It is true that all the evidence as to time and distances was an "estimate" based on best judgment and in dealing in half seconds, two and a half seconds or even three seconds reasonable minds may differ and a calculation of four or five tenths of a second may be "too inexact and approximate to be convincing with the time factor so infinitesimal," State ex rel. Alton R. Co. v. Shain, 346 Mo. 681, 691, 143 S.W.2d 233, 238. But in this case the only evidence we have as to time is the appellant's evidence and, however it was determined, it is a maximum of two and a half seconds. Here there were no conflicts in the estimates in question. It is true that the time was determined by an "expert" but in using the established time we do not hold that the appellant, as a matter of law or duty, was bound to act with the precision and care of an expert. Neither do we hold that by reason of experiments conducted by an expert, not then in peril or acting under an emergency, that the appellant is conclusively bound by the experiment in every detail.
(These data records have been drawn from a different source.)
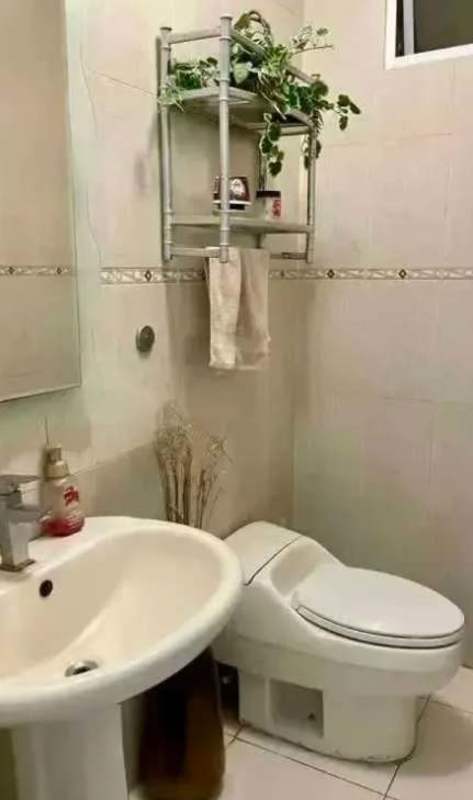 Contemporary bathroom with pedestal sink, mirror, modern toilet at Aurora Tower El Cangrejo Panama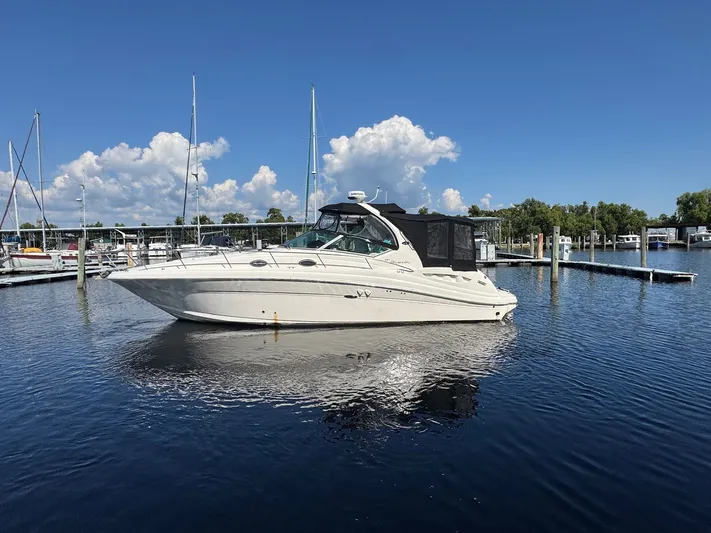 Finalize Yacht Photos Pics 2007 Sea Ray 340 Sundancer yacht docked in a marina under a clear blue sky.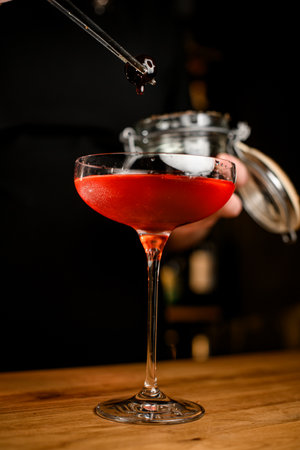 Close-up photo of a stemmed wine glass filled with a brown cold cocktailの写真素材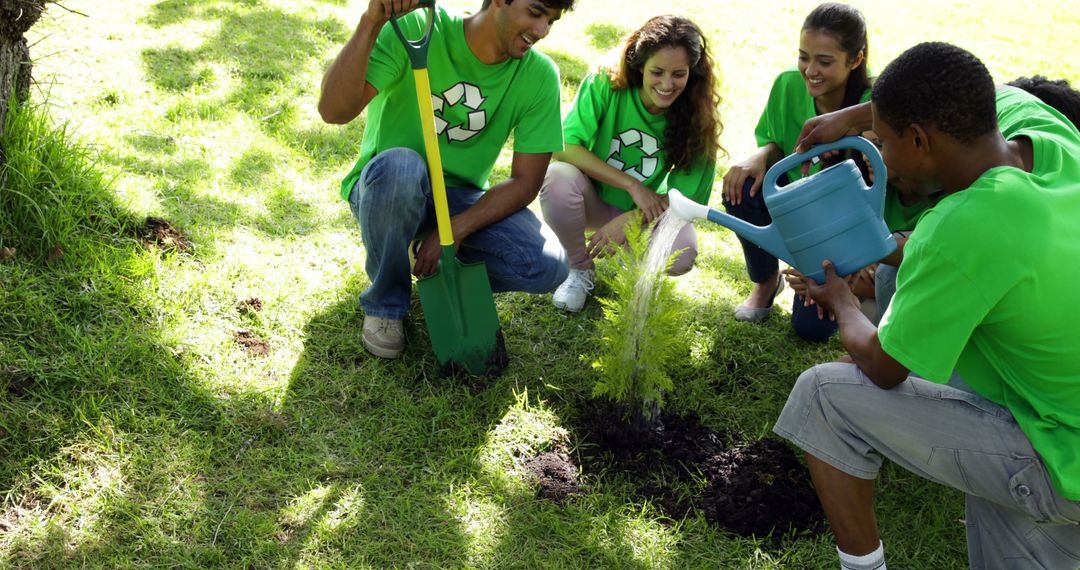 Group of Young Volunteers Planting Tree in Park - Free Images, Stock Photos and Pictures on Pikwizard.com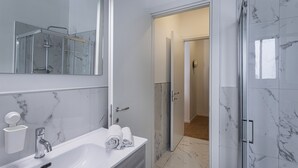 Un baño moderno con lavamanos blanco, un espejo grande y una zona de ducha.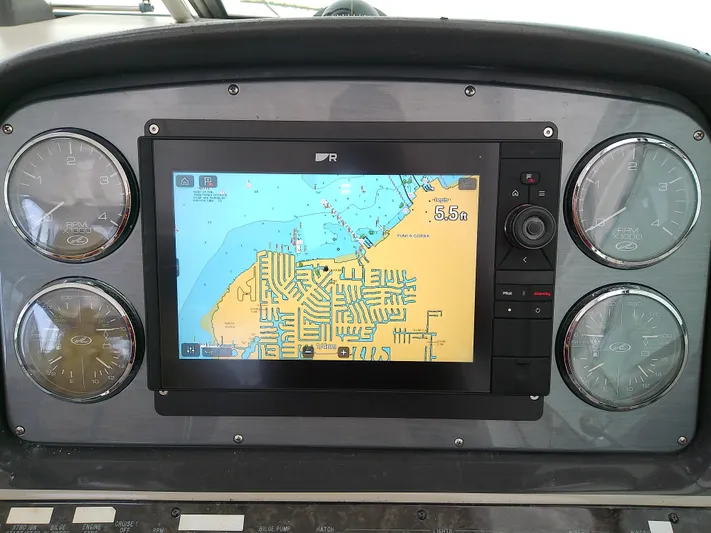 Parrotdise Yacht Photos Pics Dashboard of 2005 Sea Ray 390 Sundancer with navigation system and gauges.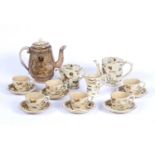 A late 19th Century Japanese pottery part tea service, painted and gilt decorated with insects,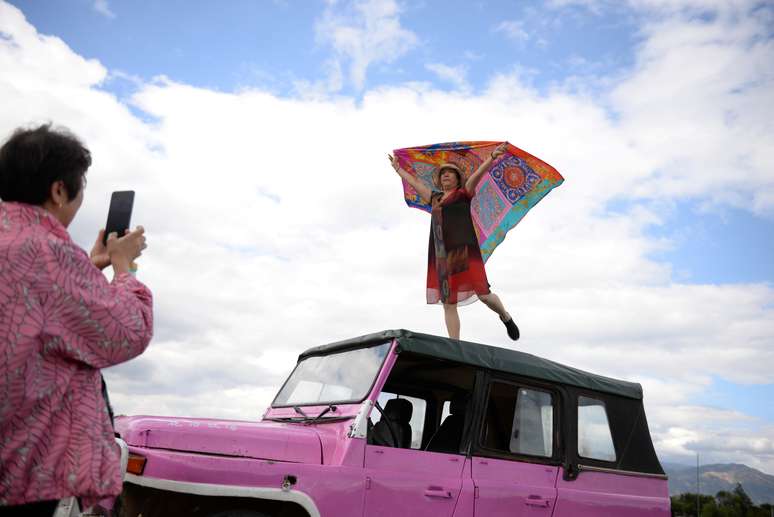 Mulher posa para foto com len&ccedil;o no topo de carro pr&oacute;ximo a Lago Erhai, na China
15/06/2016
REUTERS/Tingshu Wang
Again we repeat, the only evidence we have in all the case, by which the appellant's conduct is to be judged, under the Kansas last chance doctrine, is her own evidence and though it comes from an "expert" it is all there is and it is "two to two and a half seconds" and her case must be adjudged accordingly. *Page 706
The point is that the appellant's own evidence, the only evidence there is on the subject, shows that when the train was three to three and a half seconds away she needed but two or two and a half seconds for safety and if that is all the time needed by her own evidence she had it and yet she failed to utilize it or avail herself of it. Thus, under her own evidence she demonstrates, at best, equal power and chance with the railroad to avoid the catastrophe and under such a showing reasonable minds may not differ and find liability under the last chance doctrine of Kansas. Here the appellant's evidence shows that she could have avoided the collision or, at best, that both she and the railroad could have done so and that demonstrates concurrent as well as contributory negligence and bars recovery under the law of Kansas. Dyerson v. Union Pac. R. Co., supra; Goodman v. K.C.M. S.R. Co., supra; Bollinger v. St. L.-S.F. Ry. Co., supra.
Accordingly the opinion is modified as indicated and the motion for a rehearing is overruled. The motion to transfer to the court en banc is denied.